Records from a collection
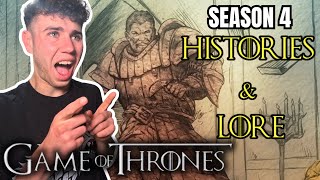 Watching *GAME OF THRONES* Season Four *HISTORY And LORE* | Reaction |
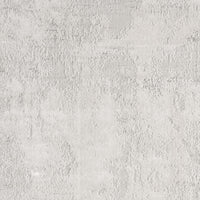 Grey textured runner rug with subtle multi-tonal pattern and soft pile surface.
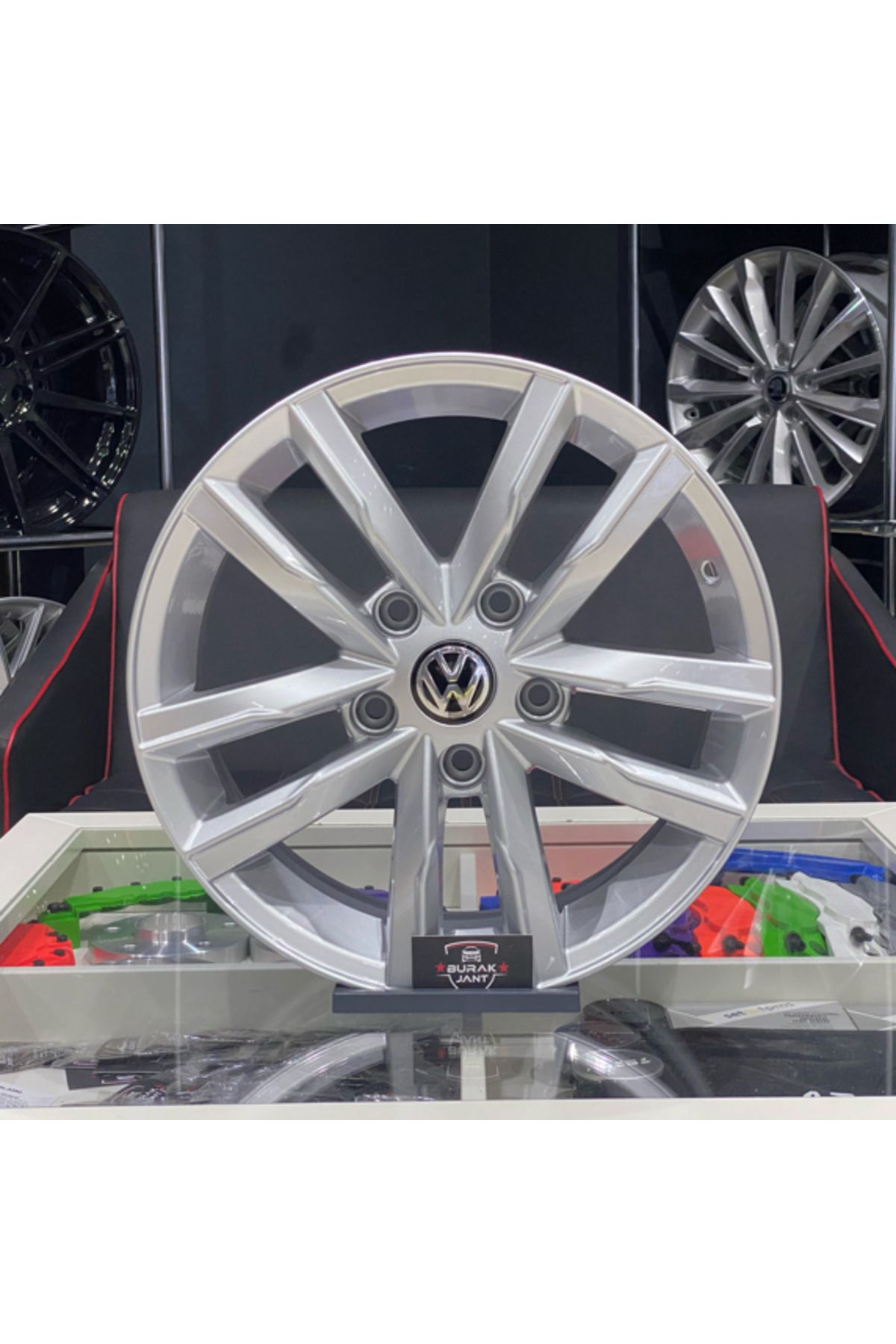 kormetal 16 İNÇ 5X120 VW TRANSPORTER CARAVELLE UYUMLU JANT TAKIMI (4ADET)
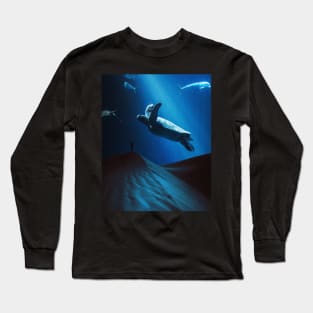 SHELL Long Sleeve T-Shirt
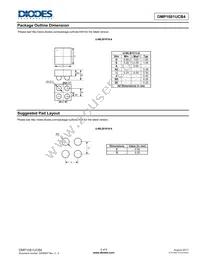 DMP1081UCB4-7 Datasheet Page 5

**What you are asked to do:** Find "SHELL Long Sleeve T-Shirt" in the entries, then reproduce that line and each line after it exactly, through the last one. Pictures do not go in.

**Reply:**
 SHELL Long Sleeve T-Shirt
 DMP1081UCB4-7 Datasheet Page 5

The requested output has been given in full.